Abstract

This work aimed to develop eco-friendly ceramic tiles employing by-products of porcelain stoneware manufacturing as raw material, based on three technical-economic premises: designing new products that respect the standards; avoid using by-products as raw materials in successful commercial products; and carry out a complete mapping of operational conditions to enable employing mathematical modeling as product development methodology. Using a simplex-centroid design for ternary mixtures, three kinds of porcelain stonewares by-products were evaluated: sludge from the treatment of effluents, raw waste, and chamotte. The by-products were investigated by thermogravimetric analysis, water absorption tests, mechanical properties as well as X-ray diffraction and fluorescence under different compression and firing conditions. Mathematical models were generated capable of describing the experimental parameters behavior. These models showed that many kinds of products could achieve the water absorption ranges provided by normative requirement varying the operational conditions and the mass composition.
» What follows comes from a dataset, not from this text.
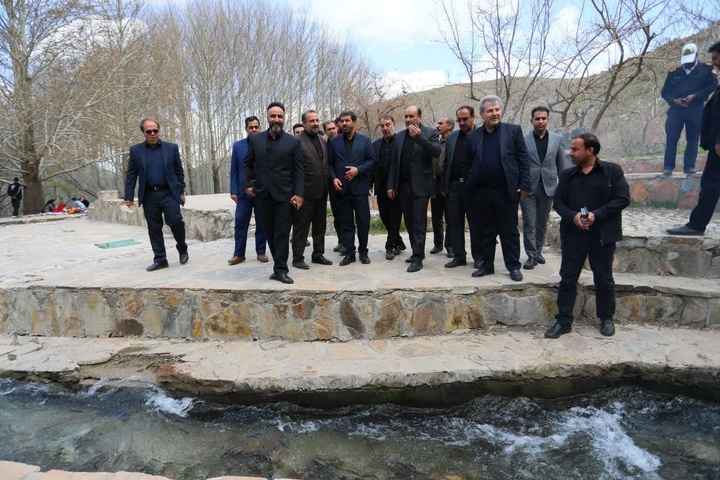 بازدید استاندار همدان از سراب‌های نهاوند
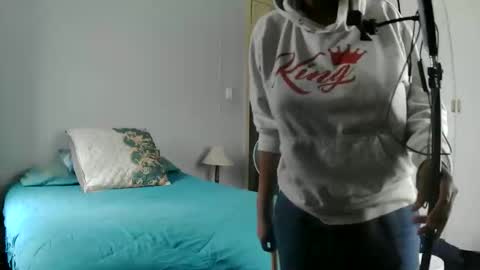 Snapshot of cookiecandyx chatting on 02-23-26, 12:13 cookiecandyx online show from 02-23-26, 12:13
Based on that, three kinds of ceramic tiles were reproduced in laboratory, each one according to mass formulation and operational conditions indicated by mathematical models: a wall tile, a floor tile, and a porcelain stoneware tile. Technical characteristics were controlled during laboratorial reproduction and, after that, their results were compared to normative requirements. All developed products met the normative requirement. The results confirmed that it is possible to develop ceramic tiles only employing by-products of porcelain stoneware as raw material through mathematical modeling, respecting the proposed technical-economic premises established for the present work.